Test accuracy: 1.000000
CPU times: user 1min 35s, sys: 8.85 s, total: 1min 44s
Wall time: 34.8 s


### 4.2 Geomstats: Preshape Space Method

Point clouds can also be treated as landmarks, then we can project point cloud to the preshape space and check which shapes it align the best. In the tetris shape classification task, the workflow can be described as follows:
1. Compute the tetris shapes projections on the preshape space.
2. Given an input rotated and translated tetris shape, compute its projection on the preshape space. Then we align the projection to the projected tetris shapes.
3. Find the best alignment.

Check more details in the notebook Preshape_space.ipynb.
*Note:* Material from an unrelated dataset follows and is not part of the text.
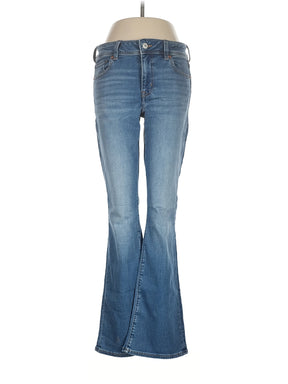 1 size - 6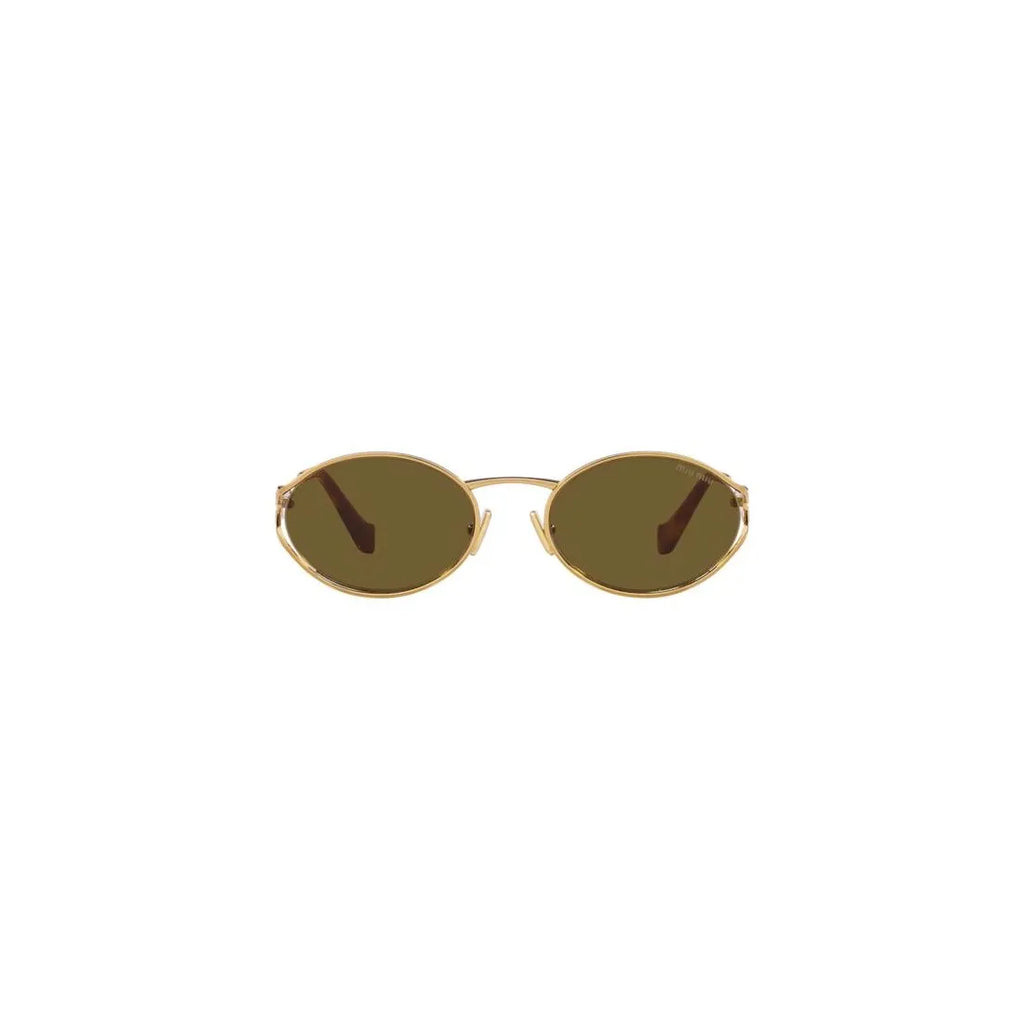 Miu Miu Miu Miu Mu 52Ys 7Oe01t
From the results from two notebooks, we can see that both tensor field networks and preshape space method achieve $100\%$ accuracy in the 3D tetris shape classification task, which is sufficient to demonstrate that they are 3D rotation- and translation- equivalent. And preshape space method is much faster than the tensor field networks (1.85s vs more than 2mins).

## 5 Conclusion

In this notebook, we have explained the theory of tensor field networks and demonstrated their capabilities of 3D rotation- and translation- equivarianence using a simple classification example. We also propose a simple yet very efficient preshape space method that can be easily implemented by Geomstats. The results show that the preshape space method is much faster than the tensor field networks. However, the 3D tetris shape classification is not a hard task since the input point clouds are just $4 \times 3$ matrices, in the future, it'll be very interesting to see if preshape space method and Geomstats can handle more complex point clouds data.

## 6 References

[1] Thomas, Nathaniel, et al. "Tensor field networks: Rotation-and translation-equivariant neural networks for 3d point clouds." arXiv preprint arXiv:1802.08219 (2018).
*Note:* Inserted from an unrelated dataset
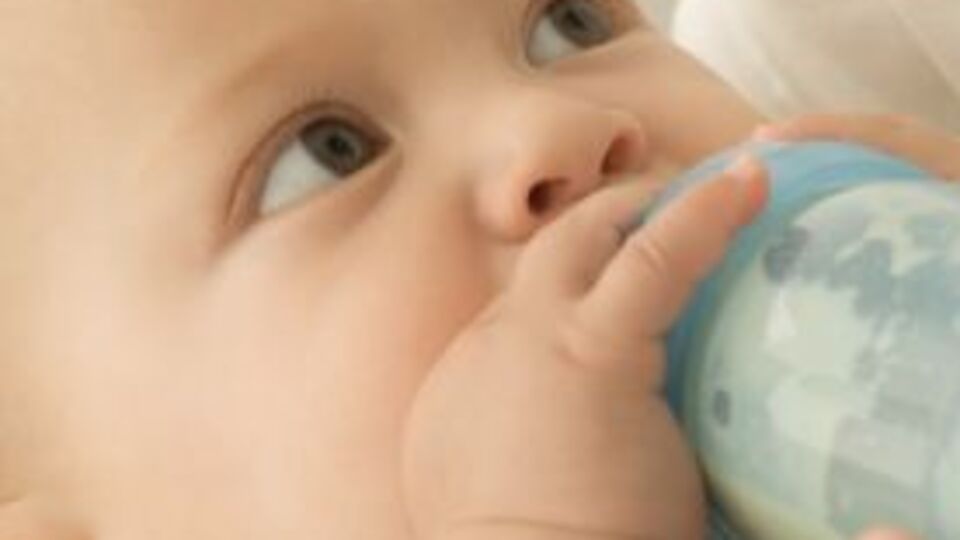 Göz sulanması neyin habercisi?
[2] Worrall, Daniel E., et al. "Harmonic networks: Deep translation and rotation equivariance." Proceedings of the IEEE Conference on Computer Vision and Pattern Recognition. 2017.
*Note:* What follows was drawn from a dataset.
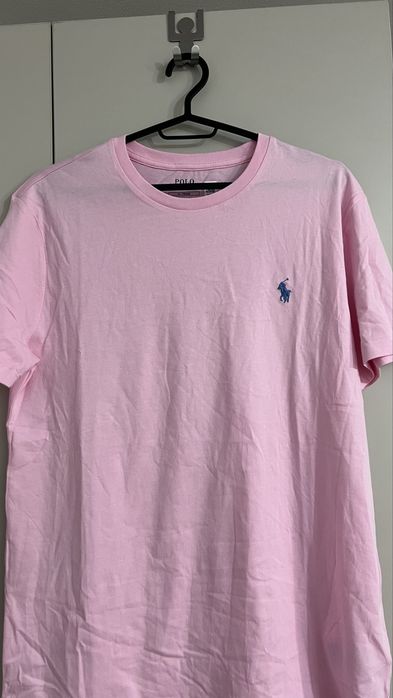 Tricou Polo Ralph Lauren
[3] Schütt, Kristof T., et al. "Quantum-chemical insights from deep tensor neural networks." Nature communications 8.1 (2017): 1-8.

[4] Cohen, Taco, and Max Welling. "Group equivariant convolutional networks." International conference on machine learning. PMLR, 2016.

[5] Cohen, Taco S., et al. "Spherical cnns." arXiv preprint arXiv:1801.10130 (2018).

[6] Miolane, Nina, et al. "Geomstats: a Python package for Riemannian geometry in machine learning." Journal of Machine Learning Research 21.223 (2020): 1-9.